The White City Center is part of a wave of architecturally significant places — some restored, others brand new — cementing Tel Aviv’s status as the Israeli style capital. Whether you love or hate the boxy Bauhaus look, its centennial is a good opportunity to check out Tel Aviv’s significant buildings, past and present.

Bialik Square is Bauhaus central; the entire plaza, with a lily pond at its center, has been designated a UNESCO World Cultural Heritage Site. On the surrounding lanes, elegant villas are tucked into greenery behind stucco walls, giving the area an exclusive feel removed from the grit and graffiti farther south.

On the Square itself is Beit Ha’ir, the historic town hall, now a public cultural center, whose massive white façade hints at both Art Deco and Greek Revivalism. Next door, tall palms echo the verticality of the Bialik House; the home-turned-museum of Israel’s national poet, Hayyim Bialik, boasts elongated arches crowned by a tower.

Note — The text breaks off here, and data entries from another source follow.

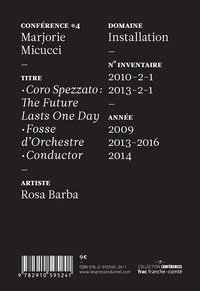 Image de Rosa Barba - Coro Spezzato : The Future Lasts One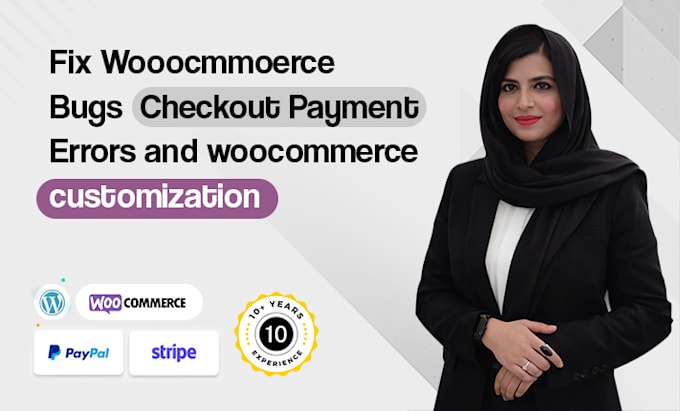 fix woocommerce bugs, checkout, payment, cart errors within hours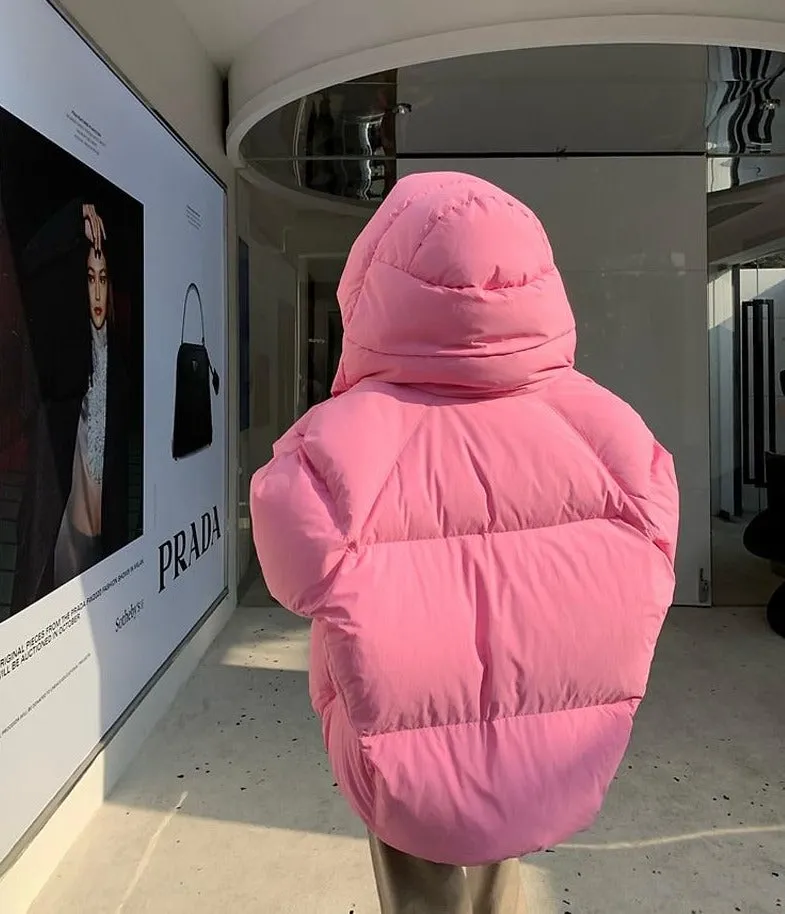 Hooded Oversized Puffer Jacket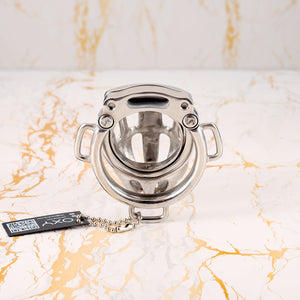 Atlas Custom Reinforced Chastity Cage with D-Rings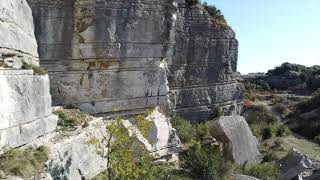 La carrière romaine du massif de Crussol - Drone (Ardèche - France)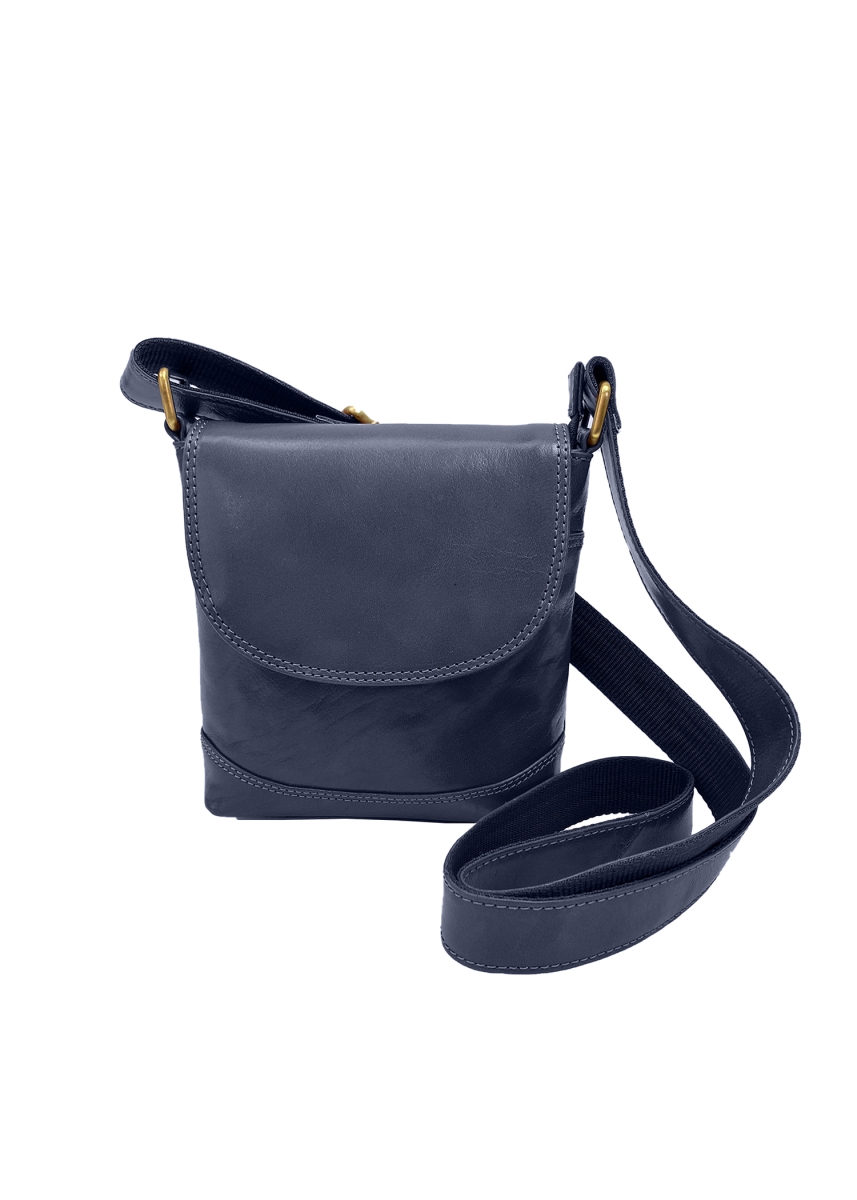 HDK749-BL Bucket Crossbody Bag, Blue -  Hadaki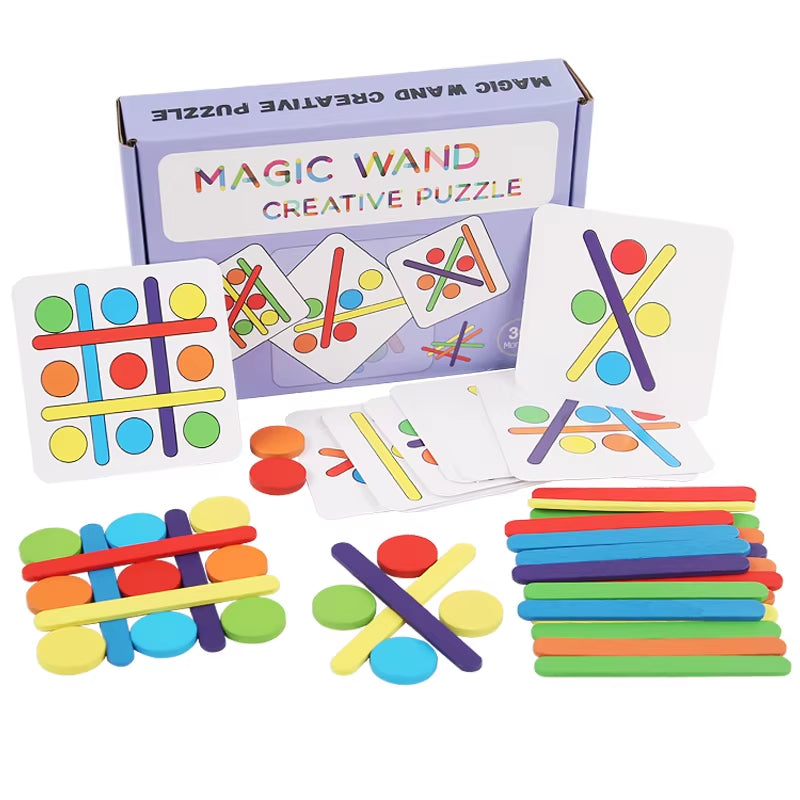 Rainbow Stick Puzzle Toy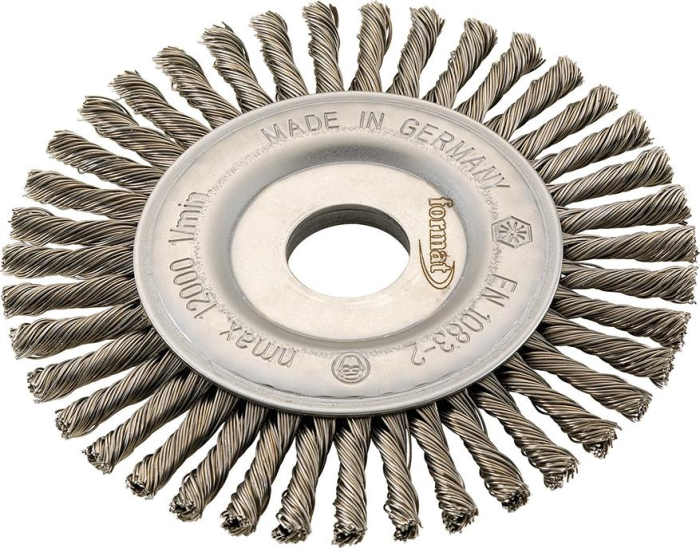 FORMAT Stahldraht-Rundbürste
gezopft 115 x 6 x 22 mm
P7023.0015 - Detail 1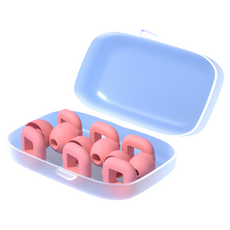 DKONE 日常漂亮防噪音耳塞 粉色C 1.3 x 1.5 cm, 1個, 6入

The Bauhaus Museum itself is modest by comparison — a severe, even minimalist white building across the plaza. Its spiritual “white” cousin is the nearby 1936 Max-Liebling House, designed by architect Dov Karmi with the squared-off carapace and recessed balconies of the Internationalist style; this September, it will re-open as the White City Center.

A few blocks away, a 1972 Brutalist building rises 16 floors over the surrounding cityscape, casting angular shadows along the waterfront. This is the famed Migdalor (“lighthouse”) Building, a postwar landmark that had fallen into neglect before a recent restoration.

Its jewel, and the reason to visit, is the new Lighthouse Hotel, one of the latest boutique offerings from the Brown Hotel group. You may or not be a fan of Brutalist exteriors, but it’s hard to the deny the architectural effectiveness from inside. The Sky Bar, a rooftop lounge, offers a 360-degree panorama of downtown — the Migdalor sits at the corner of Ben Yehuda and Allenby Streets — and sweeping views over the shimmering Mediterranean, a stone’s throw away.

A few minutes’ walk south into Tel Aviv’s financial district, several buildings preserve the Internationalist spirit of one of Israel’s greatest architects, Yehuda Magidovitch. The 1926 Great Synagogue on Allenby Street looks like Lincoln Center on steroids; its façade is an imposing cage of modernist columns. 

Around the corner on Rothschild Boulevard, the so-called Russian Embassy House is more residential in feel, having been built for the influential Levin family — but it’s only slightly more modest,  with its oversized scale and pagoda tower. Having served variously as Sotheby’s Tel Aviv auction showroom and the Soviet Union mission, the structure now houses the HESEG scholarship foundation.

A few blocks away, follow the cool kids to one of Tel Aviv’s most happening venues: Disco Tokyo and Herzl 16, at the eponymous address. The hybrid restaurant, bar, and music space recently opened in a renovated Italianate courtyard, hosting live shows and cultural events. The building’s claim to fame is that it was the first in Tel Aviv to house an elevator; now its lure, besides the stylish crowd, is a multistory Italianate courtyard that combines modernist and Mediterranean aesthetics.

I have written previously about the collections on view at the Steinhardt Museum of Natural History, which opened in Northern Tel Aviv last September adjacent to the Tel Aviv University campus. But the building itself — by Kimmel Eshkolot Architects — is a destination for anyone interested in contemporary design.

The museum’s wooden panel shell, engineered to cutting-edge environmental standards, has been compared to Noah’s Ark not only for its treasure-chest-like form, but also for the staggering diversity of its contents — more than 5.5 million specimens! Inside, visitors explore via ramps, creating a continuous flow and eliminating the need to climb stairs; it’s a subtle but meaningful innovation in large-scale design.

Exterior balconies look out over the university’s botanical gardens, providing another link both physical and metaphorical — between the organic material within, and the natural world outside.